Water for People with partners including Kole District authority, commissioned a faecal sludge treatment to improve sanitation and create business opportunities for the youth in the district.
The 10 cubic metre capacity facility comprises of sludge drying bed, a manual gulper that empties unlined pits, a tricycle and tanks for transporting the sludge.
Mr Osbert Atwijukye, a Sanihub Coordinator with Water for People- Uganda, says the initiative comes at a time when improved sanitation remains a challenge in the country where more than 90 per cent of the population uses on-site sanitation and most towns are completely non-sewered.
“Unfortunately, most of the latrines are not lined while others are dug very deep without giving due consideration to the water table. The major reason for use of substandard latrines is lack of access to affordable and reliable emptying and treatment facilities,” says Mr Atwijukye.
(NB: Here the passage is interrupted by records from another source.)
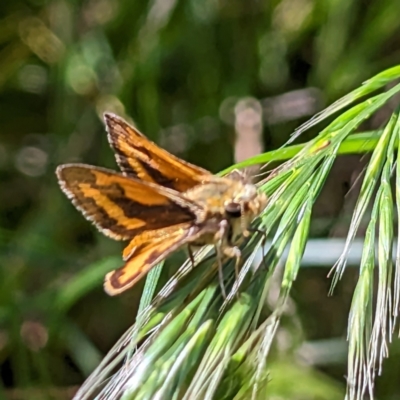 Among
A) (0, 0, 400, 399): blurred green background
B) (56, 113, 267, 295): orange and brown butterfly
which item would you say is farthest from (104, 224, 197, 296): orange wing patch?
(0, 0, 400, 399): blurred green background

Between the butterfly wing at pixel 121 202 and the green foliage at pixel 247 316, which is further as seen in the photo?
the butterfly wing at pixel 121 202

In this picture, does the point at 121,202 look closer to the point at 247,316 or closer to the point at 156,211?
the point at 156,211

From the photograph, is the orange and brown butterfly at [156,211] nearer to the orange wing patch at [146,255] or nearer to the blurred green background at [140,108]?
the orange wing patch at [146,255]

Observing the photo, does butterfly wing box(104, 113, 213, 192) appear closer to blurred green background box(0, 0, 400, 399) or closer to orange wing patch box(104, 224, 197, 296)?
orange wing patch box(104, 224, 197, 296)

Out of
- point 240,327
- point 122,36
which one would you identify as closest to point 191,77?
point 122,36

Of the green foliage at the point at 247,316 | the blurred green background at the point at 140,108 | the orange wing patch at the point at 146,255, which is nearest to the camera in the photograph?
the green foliage at the point at 247,316

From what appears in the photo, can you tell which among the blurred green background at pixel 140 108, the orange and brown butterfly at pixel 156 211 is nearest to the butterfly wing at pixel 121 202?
the orange and brown butterfly at pixel 156 211

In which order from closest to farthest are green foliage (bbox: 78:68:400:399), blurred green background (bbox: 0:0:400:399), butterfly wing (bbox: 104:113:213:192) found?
green foliage (bbox: 78:68:400:399), butterfly wing (bbox: 104:113:213:192), blurred green background (bbox: 0:0:400:399) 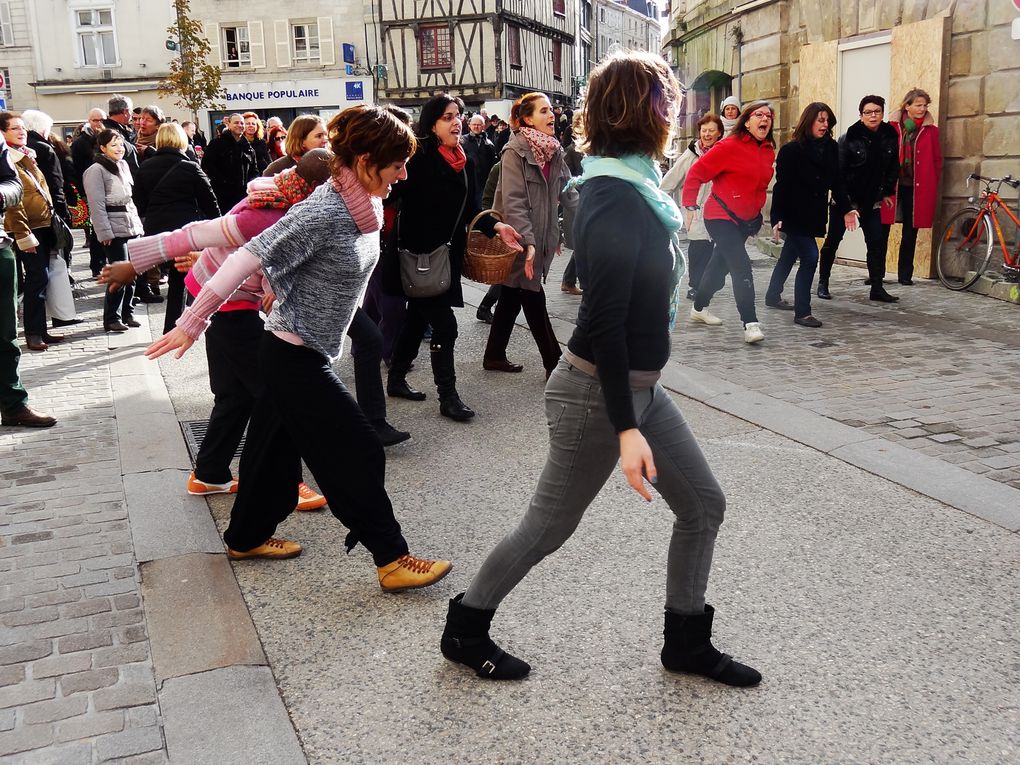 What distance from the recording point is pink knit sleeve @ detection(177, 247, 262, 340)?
139 inches

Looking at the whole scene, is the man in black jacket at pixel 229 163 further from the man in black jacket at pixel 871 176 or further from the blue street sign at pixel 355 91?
the blue street sign at pixel 355 91

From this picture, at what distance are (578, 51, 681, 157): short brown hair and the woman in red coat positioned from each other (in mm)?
8800

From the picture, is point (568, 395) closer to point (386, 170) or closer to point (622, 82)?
point (622, 82)

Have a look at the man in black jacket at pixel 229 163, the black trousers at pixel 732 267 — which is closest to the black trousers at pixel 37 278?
the man in black jacket at pixel 229 163

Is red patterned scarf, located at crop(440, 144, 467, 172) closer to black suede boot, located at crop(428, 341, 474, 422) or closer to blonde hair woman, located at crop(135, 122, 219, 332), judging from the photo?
black suede boot, located at crop(428, 341, 474, 422)

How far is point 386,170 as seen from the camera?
3.67 meters

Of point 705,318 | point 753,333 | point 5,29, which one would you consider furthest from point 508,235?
point 5,29

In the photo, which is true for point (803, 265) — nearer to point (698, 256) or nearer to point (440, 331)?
point (698, 256)

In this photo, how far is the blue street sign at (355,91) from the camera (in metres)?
40.2

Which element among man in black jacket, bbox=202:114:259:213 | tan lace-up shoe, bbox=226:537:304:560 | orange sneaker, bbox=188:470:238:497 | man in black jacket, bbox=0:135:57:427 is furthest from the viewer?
man in black jacket, bbox=202:114:259:213

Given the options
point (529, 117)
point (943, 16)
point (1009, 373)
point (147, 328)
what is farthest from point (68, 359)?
point (943, 16)

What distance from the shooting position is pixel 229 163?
1202 centimetres

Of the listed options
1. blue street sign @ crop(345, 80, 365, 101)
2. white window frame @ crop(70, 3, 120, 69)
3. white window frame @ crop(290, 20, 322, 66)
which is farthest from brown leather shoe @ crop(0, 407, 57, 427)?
white window frame @ crop(70, 3, 120, 69)

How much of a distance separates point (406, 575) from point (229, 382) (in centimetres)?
155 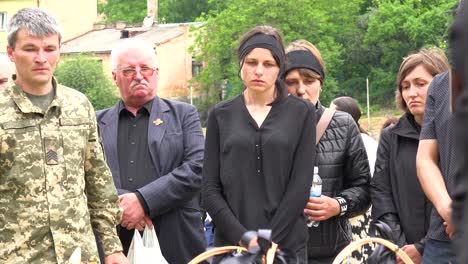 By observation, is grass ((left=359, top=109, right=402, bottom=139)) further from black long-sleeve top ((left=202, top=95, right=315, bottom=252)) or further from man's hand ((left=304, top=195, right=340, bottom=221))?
black long-sleeve top ((left=202, top=95, right=315, bottom=252))

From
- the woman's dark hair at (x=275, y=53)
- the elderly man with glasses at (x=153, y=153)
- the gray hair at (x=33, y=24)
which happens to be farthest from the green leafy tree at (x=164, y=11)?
the gray hair at (x=33, y=24)

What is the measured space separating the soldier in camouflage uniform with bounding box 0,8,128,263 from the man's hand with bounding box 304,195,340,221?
1453 millimetres

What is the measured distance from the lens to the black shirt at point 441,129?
16.5 ft

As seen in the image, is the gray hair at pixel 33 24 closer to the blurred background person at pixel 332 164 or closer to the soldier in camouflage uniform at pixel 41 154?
the soldier in camouflage uniform at pixel 41 154

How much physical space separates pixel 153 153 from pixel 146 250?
0.61 metres

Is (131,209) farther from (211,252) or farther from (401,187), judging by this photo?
(211,252)

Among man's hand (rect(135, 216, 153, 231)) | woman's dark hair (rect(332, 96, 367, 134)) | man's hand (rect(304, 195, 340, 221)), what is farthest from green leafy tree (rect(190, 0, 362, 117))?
man's hand (rect(304, 195, 340, 221))

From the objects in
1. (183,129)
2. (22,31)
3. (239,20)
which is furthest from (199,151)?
(239,20)

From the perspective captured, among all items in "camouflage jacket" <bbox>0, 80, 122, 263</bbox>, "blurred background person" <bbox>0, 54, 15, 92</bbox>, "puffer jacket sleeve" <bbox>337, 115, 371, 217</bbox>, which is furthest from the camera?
"blurred background person" <bbox>0, 54, 15, 92</bbox>

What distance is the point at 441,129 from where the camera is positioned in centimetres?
509

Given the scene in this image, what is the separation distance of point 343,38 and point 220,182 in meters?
67.0

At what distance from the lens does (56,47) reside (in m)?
5.05

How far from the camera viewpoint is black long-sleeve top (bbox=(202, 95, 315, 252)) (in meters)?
5.55

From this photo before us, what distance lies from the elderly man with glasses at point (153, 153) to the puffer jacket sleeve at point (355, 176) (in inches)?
35.0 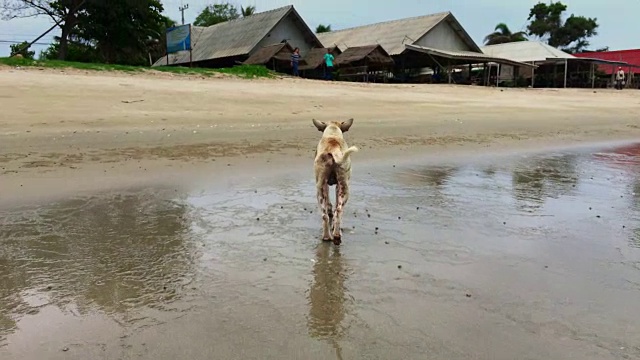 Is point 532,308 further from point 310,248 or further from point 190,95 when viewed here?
point 190,95

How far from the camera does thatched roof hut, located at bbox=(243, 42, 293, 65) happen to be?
3150cm

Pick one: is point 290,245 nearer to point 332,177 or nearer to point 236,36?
point 332,177

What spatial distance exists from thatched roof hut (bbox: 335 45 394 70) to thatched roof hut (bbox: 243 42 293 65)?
9.38ft

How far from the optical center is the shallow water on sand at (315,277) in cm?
332

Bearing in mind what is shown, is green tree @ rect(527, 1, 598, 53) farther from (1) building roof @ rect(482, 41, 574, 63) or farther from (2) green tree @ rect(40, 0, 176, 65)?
(2) green tree @ rect(40, 0, 176, 65)

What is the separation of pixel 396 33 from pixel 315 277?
36.0m

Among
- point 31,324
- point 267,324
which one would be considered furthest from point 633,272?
point 31,324

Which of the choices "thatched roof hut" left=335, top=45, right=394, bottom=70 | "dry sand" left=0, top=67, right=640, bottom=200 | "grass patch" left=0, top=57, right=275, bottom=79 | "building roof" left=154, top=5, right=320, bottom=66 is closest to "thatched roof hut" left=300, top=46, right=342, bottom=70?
"thatched roof hut" left=335, top=45, right=394, bottom=70

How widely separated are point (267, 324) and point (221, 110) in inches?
450

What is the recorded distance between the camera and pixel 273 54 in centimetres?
3133

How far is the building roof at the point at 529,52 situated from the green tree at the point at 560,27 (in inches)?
1041

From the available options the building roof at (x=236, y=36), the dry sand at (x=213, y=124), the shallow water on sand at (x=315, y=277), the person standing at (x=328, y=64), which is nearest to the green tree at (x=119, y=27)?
the building roof at (x=236, y=36)

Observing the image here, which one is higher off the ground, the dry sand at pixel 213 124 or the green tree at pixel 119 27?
the green tree at pixel 119 27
He says the district was selected to benefit from the project due to lack of a faecal sludge treatment plant, only relying on a few waste water stabilisation ponds in neighbouring Lira District.
Mr Atwijukye says the plant contributes to modern and drainable latrine facilities and reduces the costs for making new pit-latrines especially in schools.
“We expect the plant to improve pit emptying in the area, reduce illegal dumping of sludge and result in the preservation of water resources which are currently deteriorating because of poor management of sludge,” says Mr Atwijukye.
The decentralised faecal sludge treatment plant has also trained entrepreneurs in briquette making.
He says the appropriate business models will be applied to ensure sustainability of the business to reduce pressure on the natural resources.
“Sludge smells due to poor management when it is fresh or decomposing. But when it is dry, it does not once it is properly managed,” says Mr Atwijukye.
He says the Ministry has established a fully-fledged sanitation and sewerage Department to address the issues of urban sanitation.
Mr Steven Sugden, the sanitation global manager for Water for People, explains that turning waste into an income-generating activity is expected to improve the cost of living among the local people.